Propozycję dopłacania do kapitału emerytalnego matek kwot, o jakich mówi PSL, skrytykował szef sejmowej komisji finansów publicznych Dariusz Rosati (PO). "To oznacza, że odchodzimy od podstawowej zasady reformy emerytalnej przeprowadzonej w 1999 roku, a mianowicie, że system emerytalny jest finansowo neutralny dla budżetu. Jeśli komuś dołożymy procent albo kwotę, to ktoś będzie musiał za to zapłacić, w tym wypadku budżet państwa" - zaznaczył Rosati w rozmowie z PAP.

Mniej kategorycznie wypowiedział się wiceszef komisji finansów Sławomir Neumann (PO), choć zastrzegł, że PO nie dysponuje do tej pory wyliczeniami skutków propozycji PSL dla budżetu państwa. "Musimy najpierw zobaczyć, ile takie dopłaty kosztowałyby budżet w kolejnych latach, a także jak przekładałyby się na wysokość emerytur matek.
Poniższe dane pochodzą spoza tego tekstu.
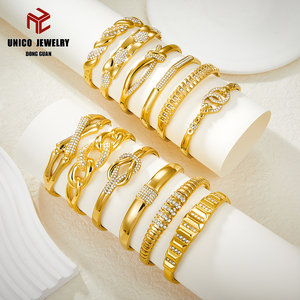 Gelang Baja Anti Karat Lapis Emas 18K dengan Kristal Rhinestone Desain Mewah Ringan untuk Pernikahan & Ulang Tahun - Product Image 1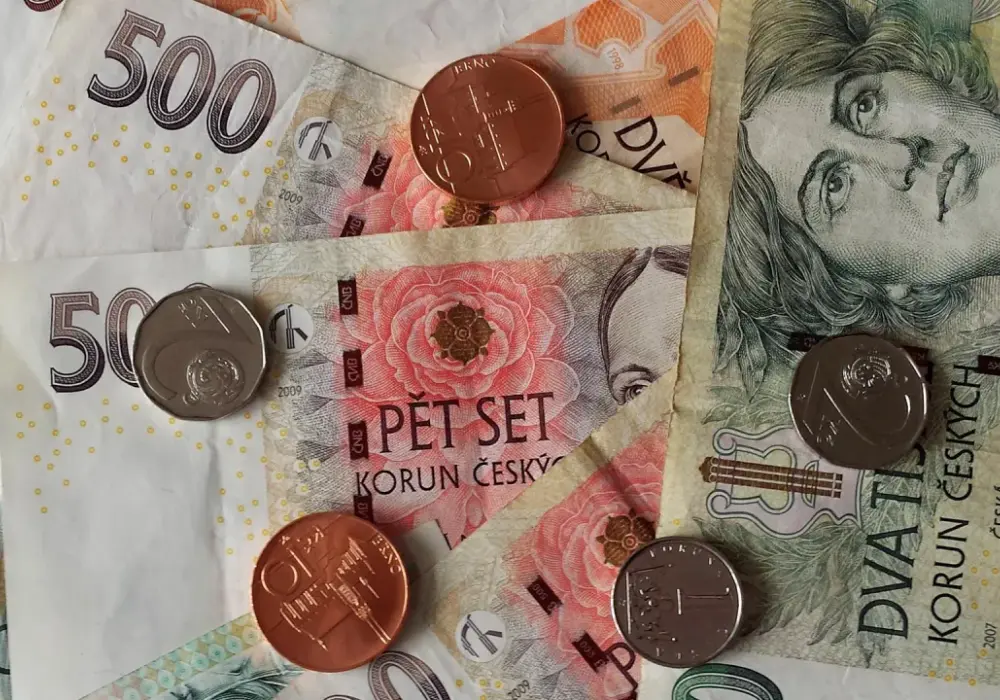 Jaka waluta w Czechach? Korona czeska (CZK) i praktyczne porady dla podróżujących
Bez tego nie będziemy wiedzieli, czy gra jest warta świeczki" - powiedział PAP polityk PO.

Rosati podkreślił też, że minimalny poziom emerytury musi gwarantować utrzymanie, żeby nie było tak, że osoby przechodzące na wcześniejszą emeryturę "ustawią się następnego dnia w kolejce do pomocy społecznej". Neumann przyznał, że dopóki nie ma finalnej wersji projektu zmian emerytalnych, nie można precyzyjnie ocenić, ile osób zdecyduje się na wcześniejszą, choć niską - emeryturę. "Takie wyliczenia trwają w kilku miejscach w rządzie" - poinformował.

We wtorek ma się spotkać kierownictwo PSL, żeby przed spotkaniem koalicyjnym omówić swoje propozycje w sprawie wieku emerytalnego. Również we wtorek wieczorem odbędzie się posiedzenie klubu parlamentarnego ludowców, na którym będzie poruszany ten temat. Z kolei w czwartek ludowcy planują konferencję, na której podsumują przeprowadzone przez siebie konsultacje w sprawie reformy.